# Historical Feature Statistics with Feast, TFDV and Facets

This tutorial covers how Feast can be used in conjunction with TFDV and Facets to retrieve statistics about feature datasets. 

The notebook showcases how Feast's integration with TFDV allows users to:

1. Define TFX feature schemas and persist these properties in the Feature Store
2. Validate new data against the defined schema
3. Validate data already in Feast against the defined schema

**Prerequisites**:

- Feast running with at least 1 BigQuery warehouse store. This example uses a bigquery store with the name `historical`.

In [1]:
import pandas as pd
import pytest
import pytz
import uuid
import time
from datetime import datetime, timedelta

from feast.client import Client
from feast.entity import Entity
from feast.feature import Feature
from feast.feature_set import FeatureSet
from feast.type_map import ValueType
from google.protobuf import json_format
from google.protobuf.duration_pb2 import Duration
from tensorflow_metadata.proto.v0 import statistics_pb2
from tensorflow_metadata.proto.v0 import schema_pb2
import tensorflow_data_validation as tfdv

PROJECT_NAME = "statistics"
IRIS_DATASET = "http://archive.ics.uci.edu/ml/machine-learning-databases/iris/iris.data"
BIGQUERY_STORE_NAME = "historical"
client = Client(core_url="localhost:6565")
print(f"setting project to {PROJECT_NAME}...")
client.set_project(PROJECT_NAME)

setting project to statistics...


In this example, we are using the iris dataset. More information about this dataset can be found [here](http://archive.ics.uci.edu/ml/datasets/iris).

In [2]:
iris_feature_names = ["sepal_length","sepal_width","petal_length","petal_width"]
df = pd.read_csv(IRIS_DATASET, names=iris_feature_names + ["class"])
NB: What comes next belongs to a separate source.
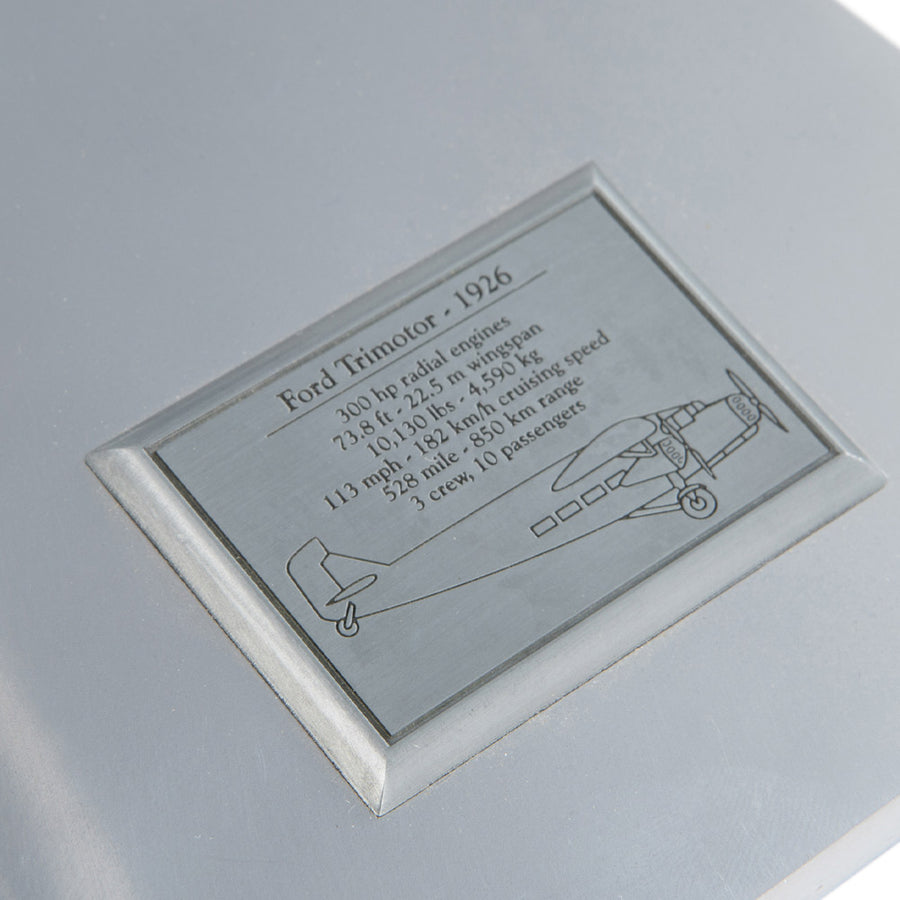 Fémből készült, részletgazdag, ezüstszínű Ford Trimotor repülőgép-modell állványon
# Add datetime to satisfy Feast
current_datetime = datetime.utcnow().replace(tzinfo=pytz.utc)
df['datetime'] = current_datetime - timedelta(days=1)

df.head()

Unnamed: 0,sepal_length,sepal_width,petal_length,petal_width,class,datetime
0,5.1,3.5,1.4,0.2,Iris-setosa,2020-05-25 07:31:28.230582+00:00
1,4.9,3.0,1.4,0.2,Iris-setosa,2020-05-25 07:31:28.230582+00:00
2,4.7,3.2,1.3,0.2,Iris-setosa,2020-05-25 07:31:28.230582+00:00
3,4.6,3.1,1.5,0.2,Iris-setosa,2020-05-25 07:31:28.230582+00:00
4,5.0,3.6,1.4,0.2,Iris-setosa,2020-05-25 07:31:28.230582+00:00


## TFDV schema as part of the feature set definition

An integral part of TFDV is the feature [schemas](https://github.com/tensorflow/metadata/blob/master/tensorflow_metadata/proto/v0/schema.proto) that describe the expected properties of the data in a dataset, such as:
- expected feature presence
- type
- expected domains of features

These schemas, which can be [manually defined or generated by TFDV](https://www.tensorflow.org/tfx/data_validation/get_started#inferring_a_schema_over_the_data), can be then used to extend the definition of features within the feature set. As part of the spec, the schema is persisted within Feast, and is used for both in-flight data validation, as well as offline integration with TFDV.


In [3]:
# Infer a schema over the iris dataset. These values can be tweaked as necessary.
stats = tfdv.generate_statistics_from_dataframe(df)
schema = tfdv.infer_schema(statistics=stats)
width_domain = schema_pb2.FloatDomain(min=0)
tfdv.set_domain(schema, 'petal_width', width_domain)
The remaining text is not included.